Athkal/model-sft-dare

Hugging Face
TEXT GENERATIONConcurrency Cost:1Model Size:1.5BQuant:BF16Ctx Length:32kPublished:Mar 22, 2026Architecture:Transformer Warm

Athkal/model-sft-dare is a merged language model created by Athkal using the Linear DARE method, based on Qwen/Qwen2.5-1.5B-Instruct. This model integrates a fine-tuned component from '/kaggle/working/model_sft_lora' to enhance specific capabilities. It is designed for tasks benefiting from a merged architecture, leveraging the strengths of its constituent models.

Loading preview...

Model Overview

Athkal/model-sft-dare is a merged language model developed by Athkal, utilizing the mergekit tool.

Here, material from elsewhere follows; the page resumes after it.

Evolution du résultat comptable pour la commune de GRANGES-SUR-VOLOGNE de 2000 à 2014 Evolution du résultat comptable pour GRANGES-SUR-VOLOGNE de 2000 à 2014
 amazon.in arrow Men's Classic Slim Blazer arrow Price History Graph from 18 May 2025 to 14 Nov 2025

This model was constructed using the Linear DARE merge method, as described in the paper "DARE: A Data-free Approach to Merging LLMs" (arXiv:2311.03099).

Key Characteristics

  • Base Model: The merging process started with Qwen/Qwen2.5-1.5B-Instruct, a 1.5 billion parameter instruction-tuned model from Qwen.
  • Merged Component: It incorporates a fine-tuned component identified as /kaggle/working/model_sft_lora, suggesting an integration of specific learned weights.
  • Merge Method: The use of the Linear DARE method implies a focus on efficiently combining model weights, potentially to preserve performance while integrating new capabilities.

Potential Use Cases

  • Specialized Instruction Following: Given its base in an instruction-tuned model and the integration of a fine-tuned component, it is likely optimized for specific instruction-based tasks.
  • Research into Model Merging: This model serves as an example of applying the DARE merging technique, which can be valuable for researchers exploring efficient ways to combine LLMs without extensive retraining.
  • Applications requiring a compact, merged model: The 1.5B parameter base suggests suitability for scenarios where computational resources are a consideration, while still benefiting from merged enhancements.